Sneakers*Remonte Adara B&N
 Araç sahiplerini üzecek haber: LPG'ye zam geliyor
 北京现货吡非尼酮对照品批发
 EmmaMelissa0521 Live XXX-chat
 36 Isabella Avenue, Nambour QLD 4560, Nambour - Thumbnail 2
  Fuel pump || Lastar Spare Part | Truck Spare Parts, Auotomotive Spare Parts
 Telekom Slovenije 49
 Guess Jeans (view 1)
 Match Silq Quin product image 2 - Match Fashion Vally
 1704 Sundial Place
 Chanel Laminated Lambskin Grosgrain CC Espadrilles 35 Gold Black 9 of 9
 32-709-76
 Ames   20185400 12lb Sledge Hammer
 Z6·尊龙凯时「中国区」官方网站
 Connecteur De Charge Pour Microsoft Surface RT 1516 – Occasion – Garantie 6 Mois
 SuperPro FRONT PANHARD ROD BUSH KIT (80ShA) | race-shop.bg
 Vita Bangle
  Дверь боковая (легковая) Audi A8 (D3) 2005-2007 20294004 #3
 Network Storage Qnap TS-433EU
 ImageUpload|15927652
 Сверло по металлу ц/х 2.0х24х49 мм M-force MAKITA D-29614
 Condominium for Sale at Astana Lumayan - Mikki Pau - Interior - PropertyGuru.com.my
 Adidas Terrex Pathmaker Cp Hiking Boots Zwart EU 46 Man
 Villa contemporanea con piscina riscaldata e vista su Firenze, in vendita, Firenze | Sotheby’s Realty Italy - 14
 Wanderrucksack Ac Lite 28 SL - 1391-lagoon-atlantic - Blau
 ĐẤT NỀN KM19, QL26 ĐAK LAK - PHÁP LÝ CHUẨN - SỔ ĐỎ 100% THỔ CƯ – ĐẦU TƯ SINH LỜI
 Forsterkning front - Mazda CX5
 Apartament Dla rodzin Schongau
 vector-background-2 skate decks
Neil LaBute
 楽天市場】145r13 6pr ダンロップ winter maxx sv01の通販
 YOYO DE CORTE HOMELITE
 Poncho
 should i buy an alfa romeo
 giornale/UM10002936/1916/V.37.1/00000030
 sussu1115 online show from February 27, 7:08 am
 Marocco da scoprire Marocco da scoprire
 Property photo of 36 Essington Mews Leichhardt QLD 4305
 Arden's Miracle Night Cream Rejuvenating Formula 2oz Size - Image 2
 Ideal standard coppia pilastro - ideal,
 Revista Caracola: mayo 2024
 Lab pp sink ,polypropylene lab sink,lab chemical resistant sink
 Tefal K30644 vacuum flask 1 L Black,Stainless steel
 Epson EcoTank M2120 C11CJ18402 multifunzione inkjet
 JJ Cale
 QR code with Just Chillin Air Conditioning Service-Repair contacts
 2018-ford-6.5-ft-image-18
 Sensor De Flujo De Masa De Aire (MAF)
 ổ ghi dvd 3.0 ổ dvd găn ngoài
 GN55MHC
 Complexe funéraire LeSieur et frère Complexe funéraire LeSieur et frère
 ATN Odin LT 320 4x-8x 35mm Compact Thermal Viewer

*-*-*

To do: Search the records for the word "Black". Copy each line where it appears.

Answer:
 Chanel Laminated Lambskin Grosgrain CC Espadrilles 35 Gold Black 9 of 9
 Tefal K30644 vacuum flask 1 L Black,Stainless steel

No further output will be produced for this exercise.